Question

One gram of activated charcoal has a total surface area equal to\[{10^3}{m^2}\]. If the radius of gaseous molecules is \[{10^{ - 8}}cm\] and the gas shows only monolayer adsorption on the surface of the charcoal, then the volume of gas at STP adsorbed on the total surface of \[\dfrac{{22}}{7}g\] charcoal is (in liters):
A. \[3.73\]
B. \[7.46\]
C. \[22.4\]
D. \[24.5\]

Answer 1

Hint: The above question has given the total surface area of one gram of activated charcoal. So if we find the surface area required for \[\dfrac{{22}}{7}g\] charcoal for the given radius then we can easily get the total number of molecules adsorbed on the charcoal surface. Then, for the calculated number of moles, we can easily calculate the volume at STP.

Formula Used: The volume of gas in liters, \[V = {V_{STP}} \times n\] where \[V\] represents the volume of gas at STP absorbed on the total surface, \[{V_{STP}}\] represents the volume at standard temperature and pressure (STP) and \[n\] represents the number of moles absorbed.

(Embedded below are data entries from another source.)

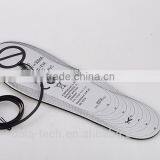 Heated Insole 3.7V 40-50 Celsius Keep Warm thumbnail-2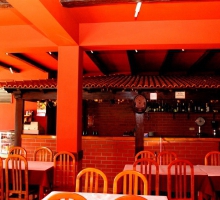 Restaurante Zona Verde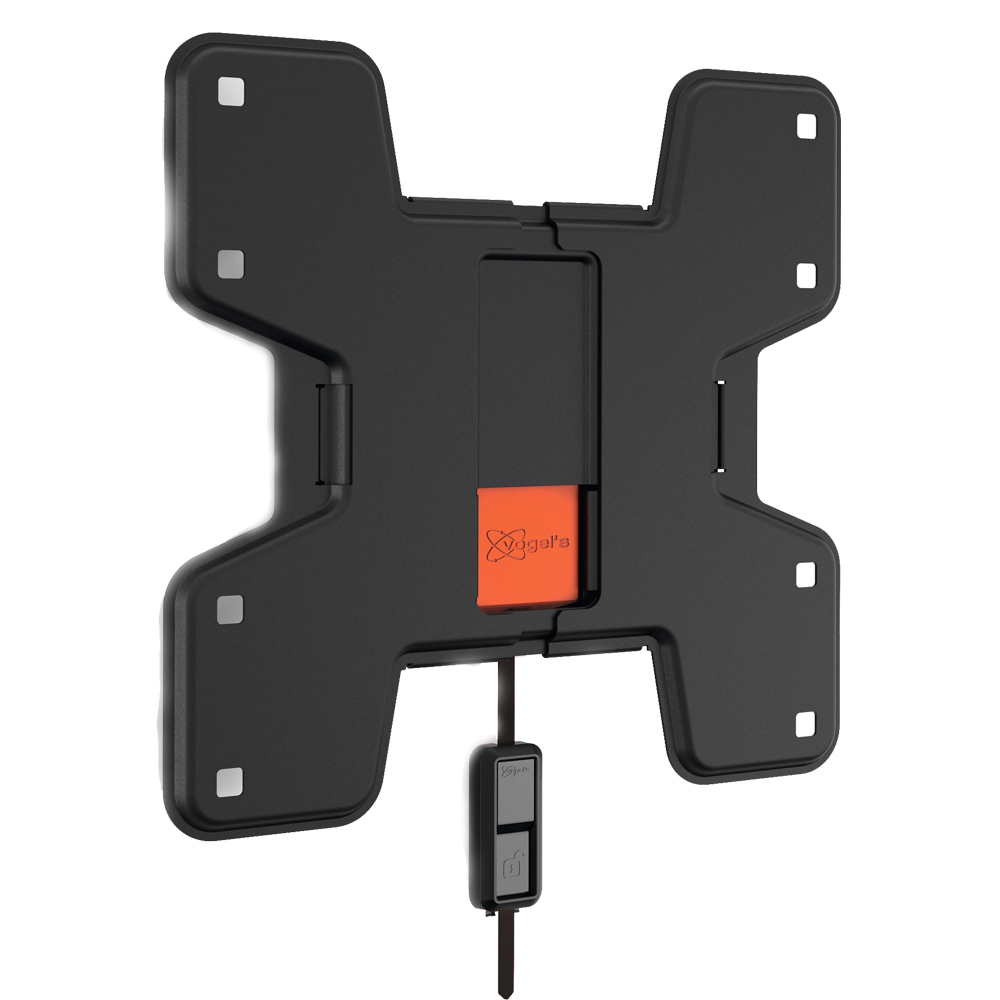 Vogel's W50060, zidni stalak za ekrane od 19"-40", flat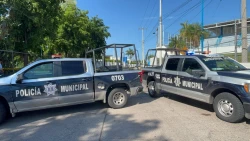 Ejecutan a agente de la Policía Municipal Culiacán a las afueras de C.U.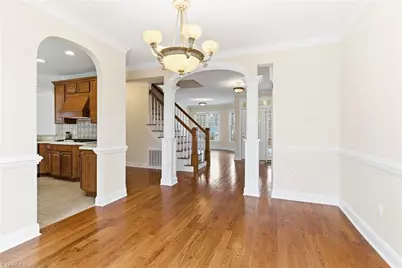 1409 Ainsworth Boulevard, Hillsborough, NC 27278 - Photo 13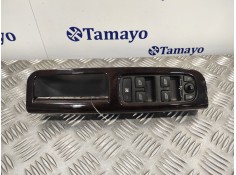 Recambio de mando elevalunas delantero izquierdo para volvo s40 berlina 2.4 cat referencia OEM IAM 30710787 30710789 30710788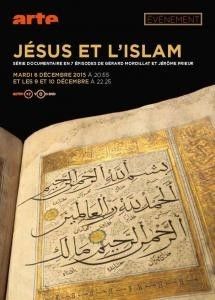 Jésus et l'islam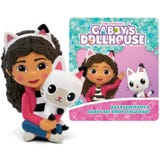 ​Tonie - Gabbys Dollhouse - Das Raumschiff (IN TEDESCO)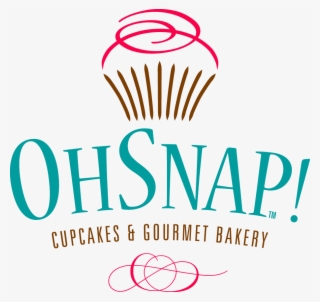 Logo-primary - Oh Snap #4590893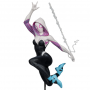 Фигурка Гвен Призрачный Паук 1:10 Marvel Gwen Spider-Man Ghost-Spider McFarlane 14823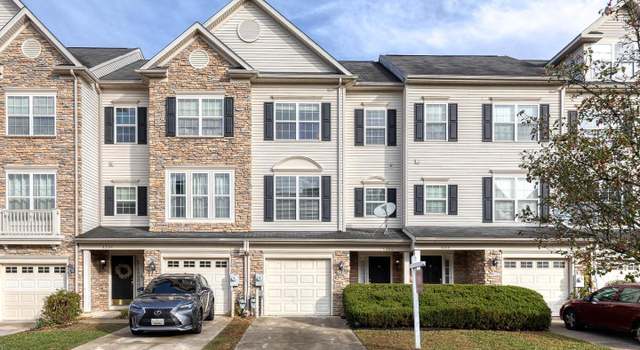 Photo of 4306 Vintage Ivy Ln, Owings Mills, MD 21117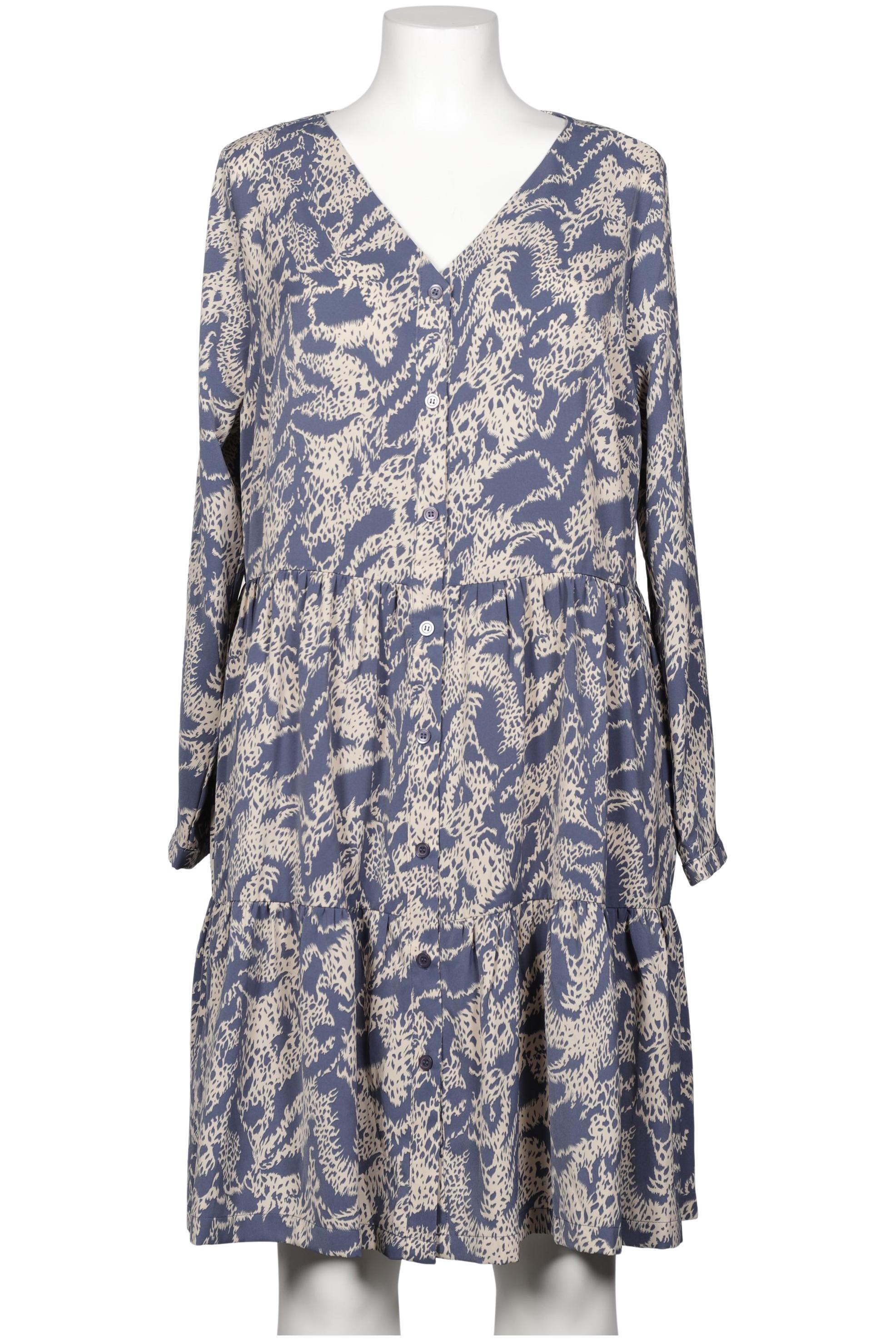 

Studio Untold Damen Kleid, blau, Gr. 42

Complete step by step answer:
First, we will understand about activated charcoal. Generally, it is nothing but processed or activated carbon. It has small pores with low volume which increases the surface area available for the reaction. Now we will extract all the given quantities from the problem and then we will proceed further to calculate the number of moles absorbed.
So we have the total surface area of \[1g\] activated charcoal equal to \[{10^3}{m^2}\]. So the total surface area for \[\dfrac{{22}}{7}g\] charcoal will be \[\dfrac{{22}}{7} \times {10^3}{m^2} = \dfrac{{22}}{7} \times {10^7}c{m^2}\]. Now we have the radius of a single gaseous molecule as \[{10^{ - 8}}cm\]. Therefore, the total surface area occupied by one molecule on the surface of activated charcoal is given by \[\pi {r^2} = \dfrac{{22}}{7} \times {10^{ - 16}}c{m^2}\]. Now if we divide the total surface area occupied by the given amount of charcoal by the total available surface area we can get the total number of gaseous molecules absorbed on the surface.
Several gaseous molecules are adsorbed \[ = \dfrac{{\dfrac{{22}}{7} \times {{10}^7}}}{{\dfrac{{22}}{7} \times {{10}^{ - 16}}}} = {10^{23}}\].
Now we will calculate the number of moles of gas absorbed as \[n = \dfrac{{{{10}^{23}}}}{{6 \times {{10}^{23}}}} = \dfrac{1}{6}mole\]. The number of moles is the ratio of the number of molecules absorbed to the Avogadro number. Now we have \[n = \dfrac{1}{6},{V_{STP}} = 22.4L\] we can easily calculate the volume of gas at STP absorbed on the total surface using the formula \[V = {V_{STP}} \times n\]. So now we will substitute the values,
\[V = {V_{STP}} \times n = 22.4 \times \dfrac{1}{6} = 3.73L\]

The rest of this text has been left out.